Wer mit zwei geregelten Katalysatoren durch die Lande prescht, soll nach Ansicht der BMW-Ingenieure auch selbst vor den Schadstoffen der Umwelt bewahrt werden. Im 850i bemüht sich um diesen Effekt eine hochkomplizierte automatische Klimaregelung samt neuartigem Mikrofilter, der Partikel über 1/1000 Millimeter Größe - ob Schwefelnebel, Bakterien, Zement oder Insektizidstaub - ausfiltert.

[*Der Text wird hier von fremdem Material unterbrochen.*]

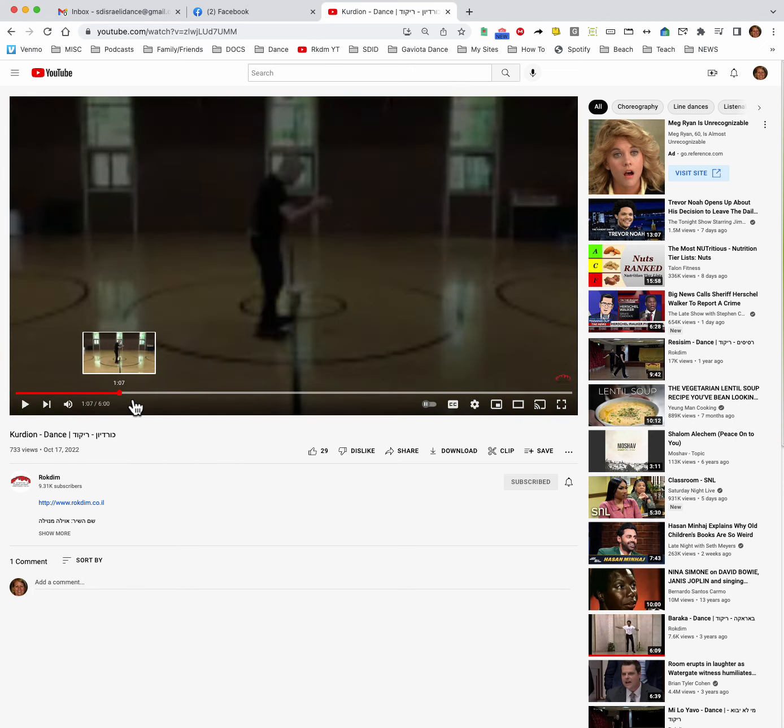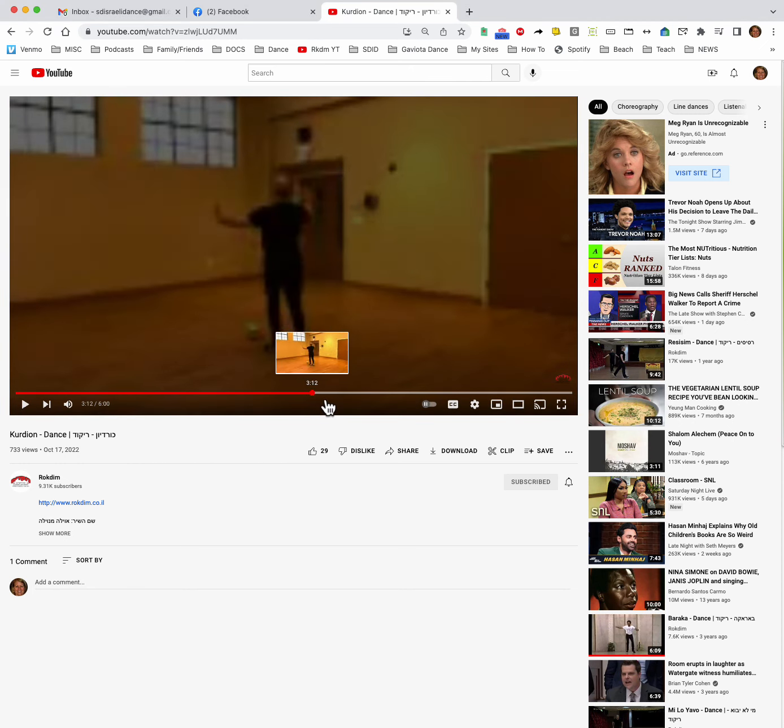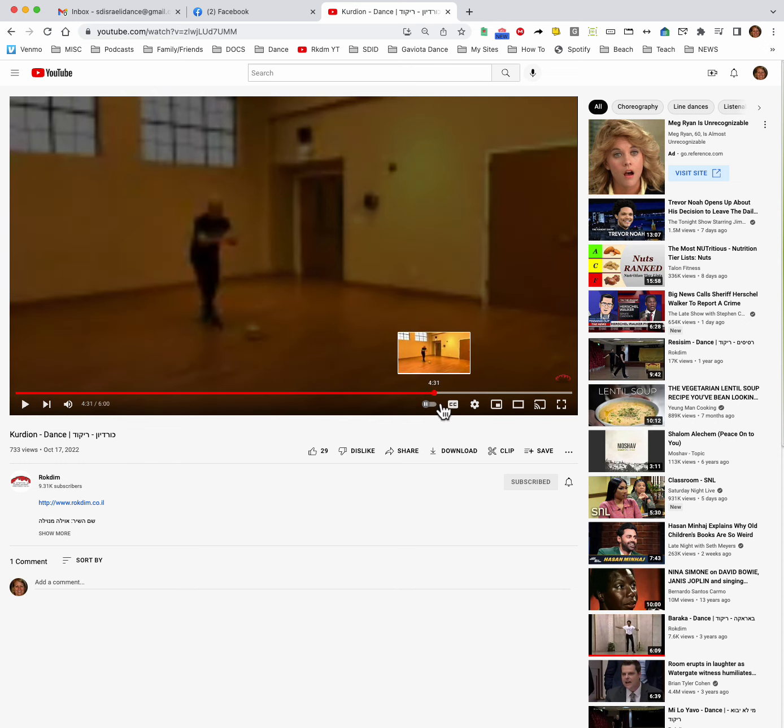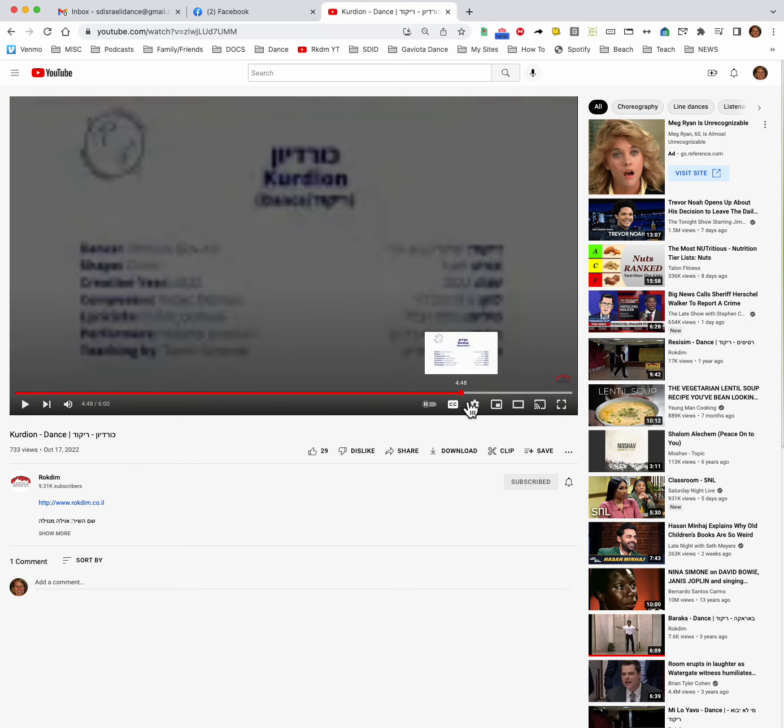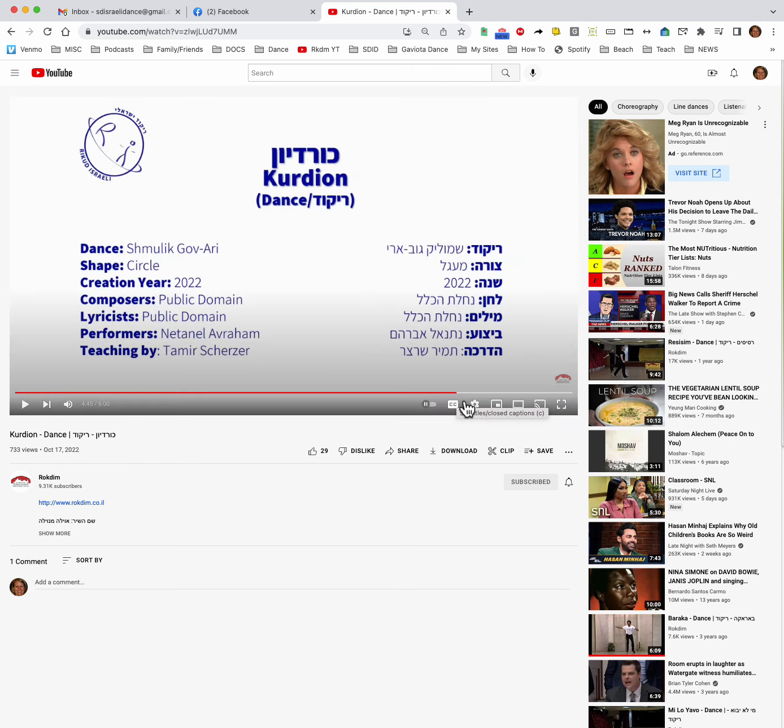So I could take the scroll bar until I find, you know, on Rock Team where the dance starts. So I see it right here. So I'm going to just stop right there.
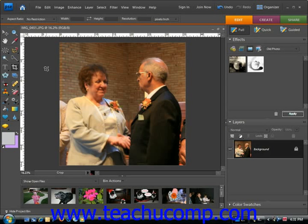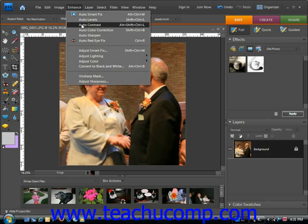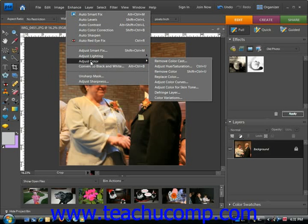The Remove Color Cast command is designed to balance the color in your image and remove the cast. To use this command, select Enhance, Adjust Color, and then Remove Color Cast from the menu bar.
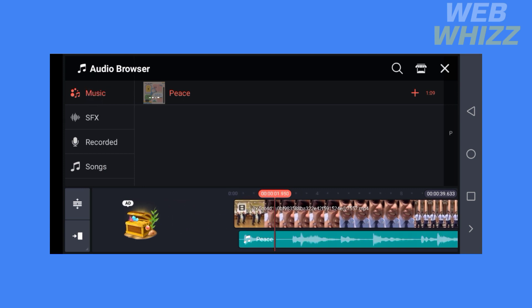That's how to add songs in KineMaster. Thank you.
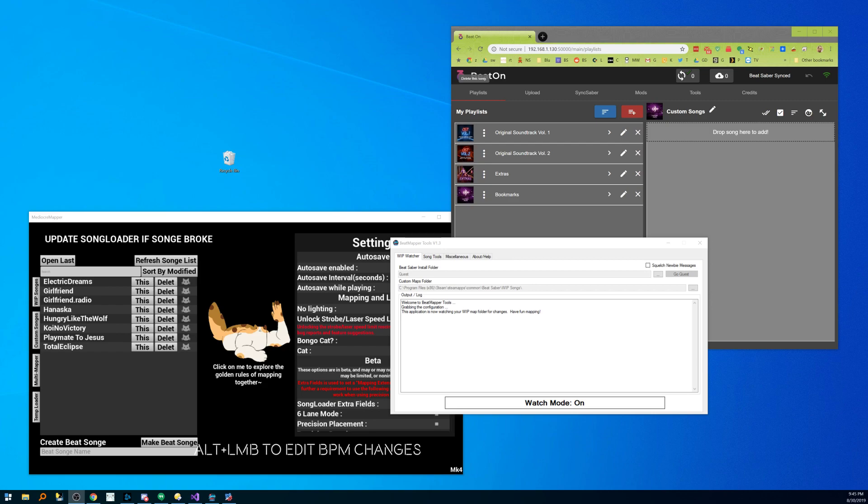Hey there everybody! This is Shane R. Monroe and I'm with BeatMapper Tools here and I wanted to show you the progress that we've made with the Quest support.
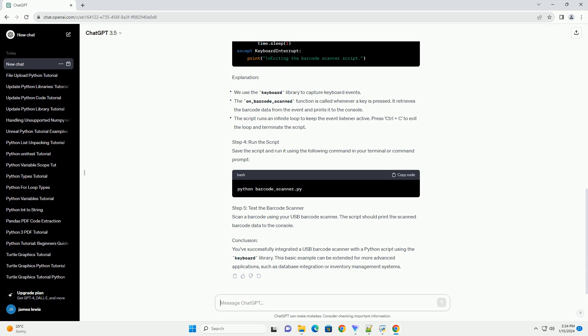Write Python Script. Create a new Python script, example barcode_scanner.py and open it in your favorite text editor or integrated development environment IDE. Copy and paste the following code.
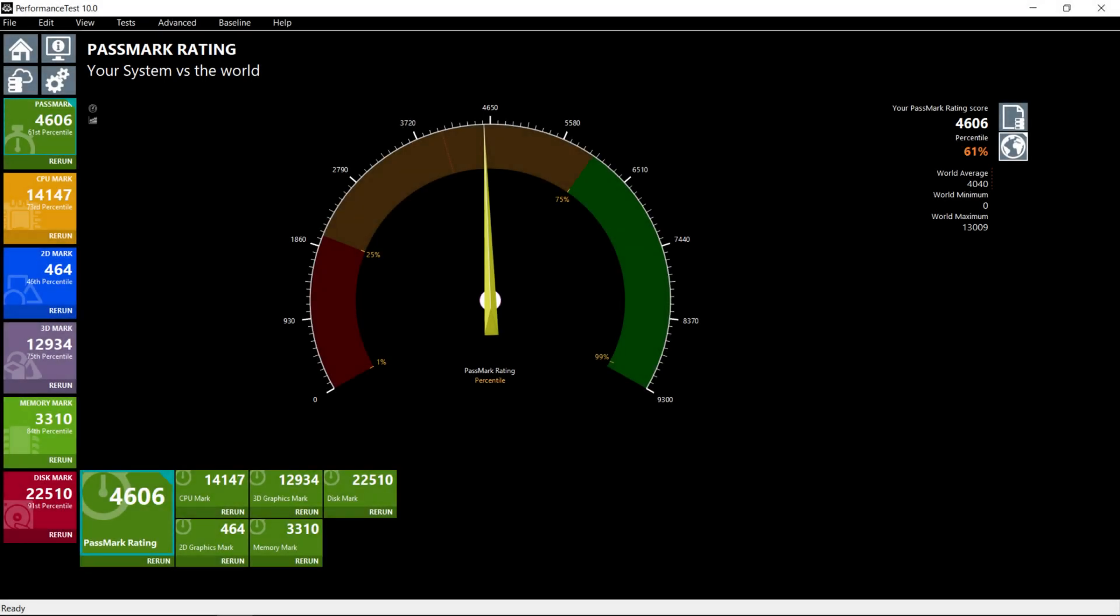The Passmark score for this PC is 4606, the 61st percentile. The CPU mark is 14147, the 73rd percentile. The 2D mark is a bit low in the 46th percentile, but the 3D mark is 12934, the 75th percentile. The memory mark is very good, 3310 in the 84th percentile. This is likely due to us upgrading the memory with two 16gb modules so it operates in dual channel mode. The disk mark is 22510, the 91st percentile. Very good.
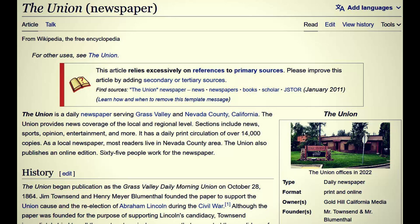Our story here starts in the 1860s of the United States when the so-called Civil War took place — which was more of a war to establish civil authority. We have this interesting entity called the Union newspaper. According to Wikipedia, the Union is a daily newspaper serving Grass Valley and Nevada County, California. Sections include news, sports, opinion, and entertainment, with a daily print circulation of over 14,000 copies.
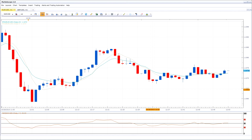Welcome to the FXCM tutorial on saving, applying, and managing templates in the Trading Station platform. Templates save all the work done on the chart, such as lines, shapes, and indicators.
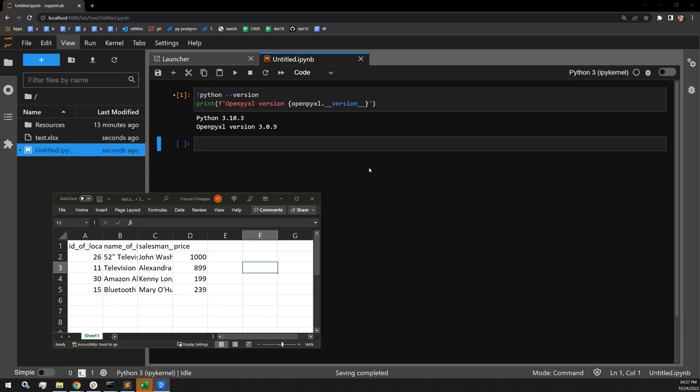In this video, I will be showing you how to adjust the column widths of an Excel document using Python.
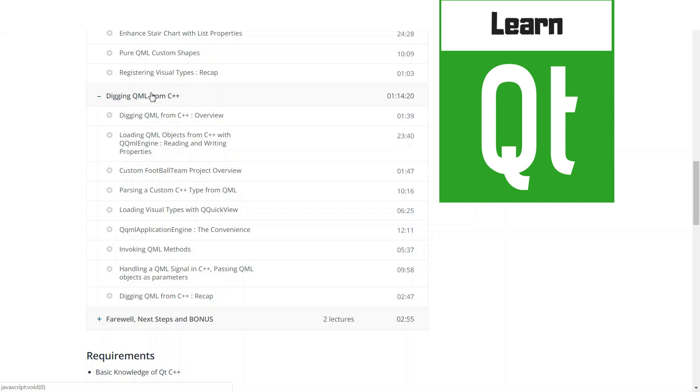And we're going to wrap up the course showing you how you can dig through the QML tree structure from C++. This is going to allow you to do things like reading properties, writing properties, and even calling methods on your QML elements from C++.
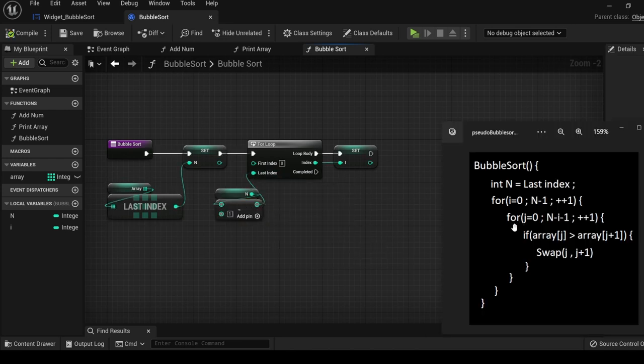We are going to add another for loop and a local variable, j, set to zero.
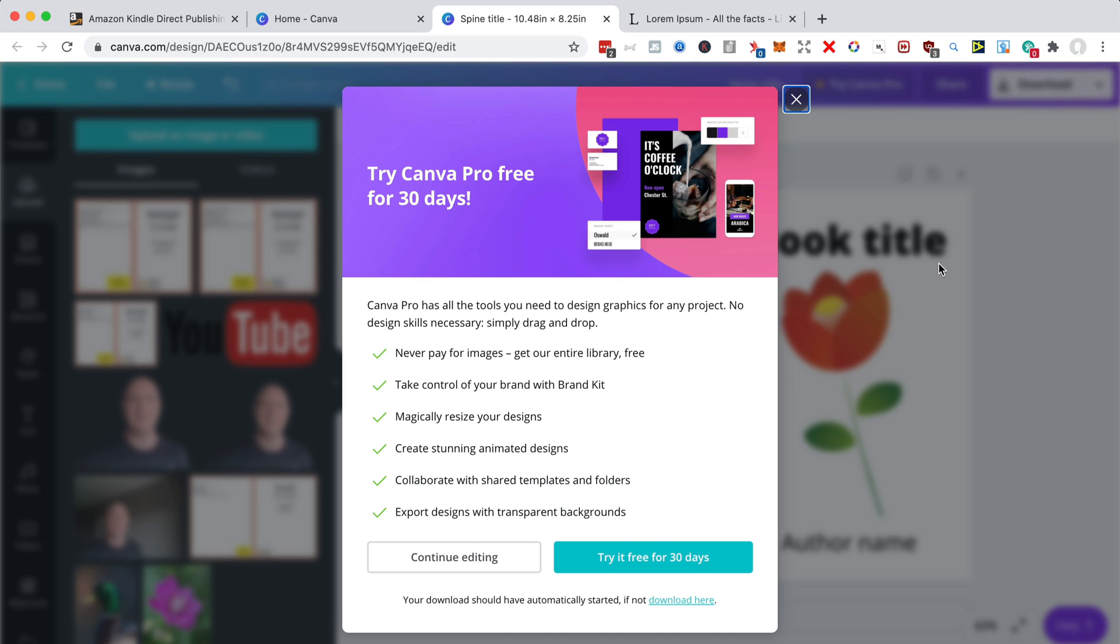Anytime someone buys your book, that PDF will be used to print the cover in one of Amazon's facilities and the book will be sent out to the customer. I hope you enjoyed that video. My name's Rob Cubbon. If you want to know more about book publishing on Amazon, whether you're publishing your own nonfiction books or low content books, I have some free courses and courses available about that. The links are in the description of the video.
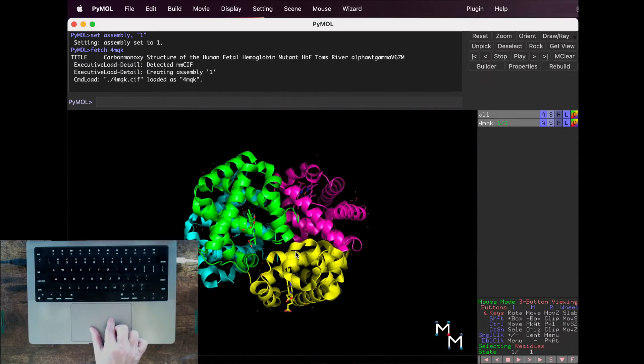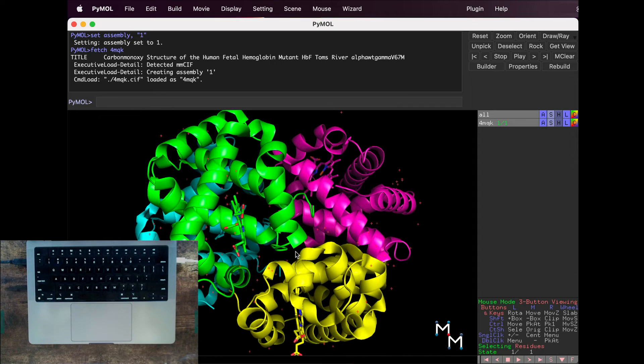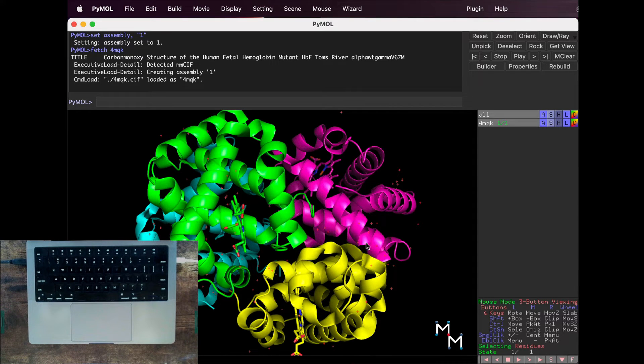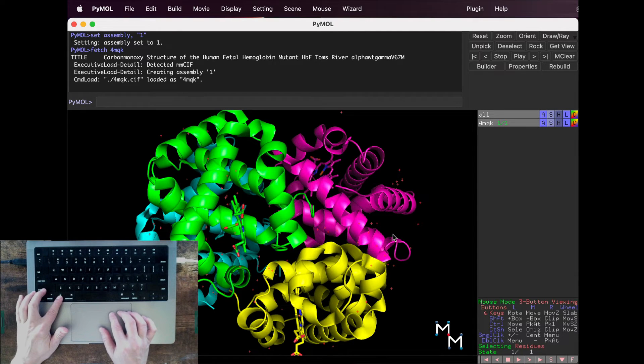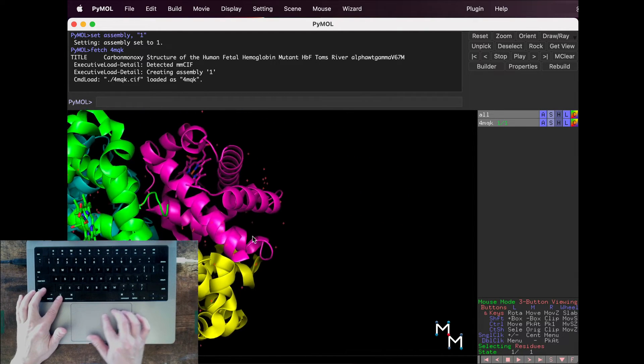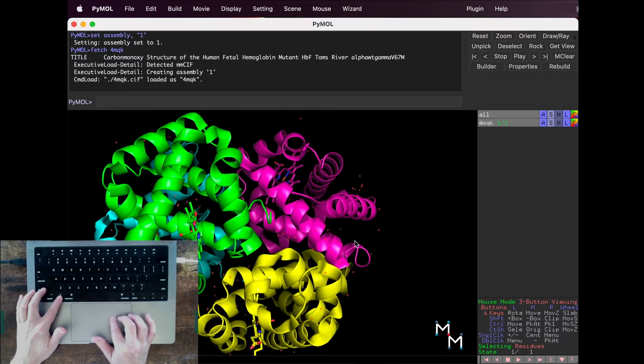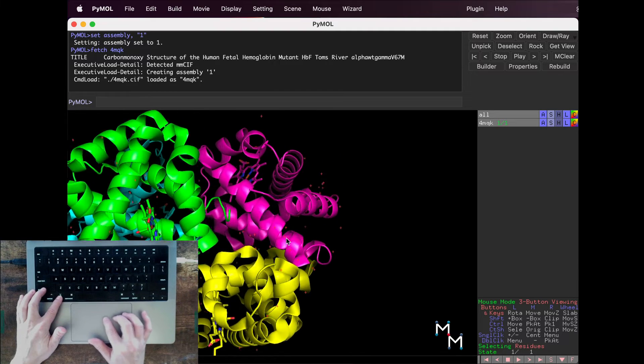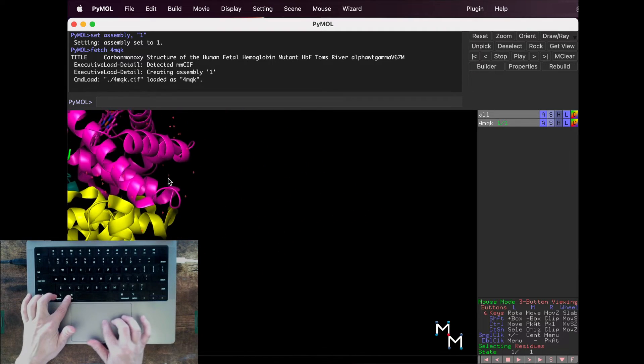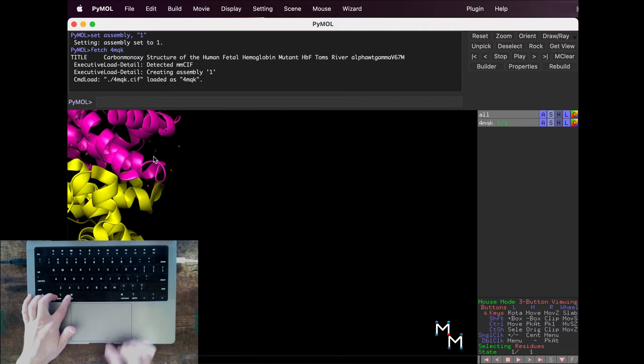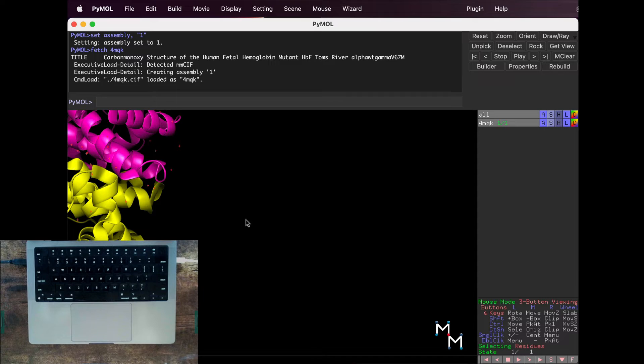Sometimes we'll want to move the whole structure to reposition it. This is a trackpad keyboard combo. On my Mac, I can click either Command or Option, and then click and drag using the trackpad, and this translates the whole molecule.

Der Gas-Sensor einer zusätzlichen automatischen Umluftüberwachung bewahrt überdies auch vor gasförmigem Übel - sogar die Dunstfahnen ganzer Trabi-Kolonnen werden im erlauchten Innenraum eines 850i-Coupes nicht mehr geschnuppert.
Die so Umhegten hocken auf neuartigen "Integralsitzen" mit eingebauten Gurten, teurem High-Tech-Gestühl (Preis: über 2000 Mark), das bei einem Seitenaufprall sogar ein Stück seitlich ausweicht. Eine andere Gelegenheit, dem angepeilten "Höchstmaß an aktiver wie passiver Sicherheit" dieses Autos näherzukommen, wagten die BMW-Techniker nicht zu nutzen. Statt jedem 850i obligatorisch einen Prallsack einzubauen, beließen sie es dabei, die wirkungsvollste Schutzapparatur gegen Aufprallfolgen als Sonderzubehör anzubieten.
Dagegen kommen alle Erwerber eines 850i-Coupes in den Genuß der neuen "Integrallenker-Hinterachse". Sie hat je Rad fünf "Lenker" am Gestänge und reagiert auf das Einschlagen der Vorderräder mit einem leichten Mitlenkeffekt. Das Ganze erinnert an die "Raumlenker-Hinterachse" von Mercedes-Benz, die bei ihrer Einführung vor acht Jahren von BMW-Ingenieuren als "ein Irrweg" verdammt worden war - allerdings in der Vor-Reitzle-Zeit.
Längst ist bei BMW ausgemacht, daß dem neuen Coupe womöglich schon binnen Jahresfrist ein Cabrio folgen soll; noch später ist für beide Karossen ein etwas preiswerterer Antrieb mit V-Acht-Zylinder-Motor zu erwarten.
An den unglücklichen Chefdesigner Luthe und seine Arbeit bei BMW erinnerten letzte Woche (außer einem ZDF-Fernsehfilm über die Entwicklungsgeschichte des BMW 850i) nur noch einige Exponate, die im neuen Forschungszentrum ausgestellt wurden: ein Lenkrad etwa, ein Tonmodell des 850i, nebst den zugehörigen Kratzwerkzeugen und hingekrümelten Materialspänen.
Aber wird der Vater der BMW-Linie, der Rivalen gelegentlich als "Aero-Dramatiker" verulkte, auch weiterhin die Designer-Handschrift der Münchner prägen? Seine einstweilen letzte Arbeit ist der zum Herbst avisierte neue Dreier-BMW. Entwicklungschef Reitzle: "Ich betrachte Claus Luthe als im Urlaub befindlich."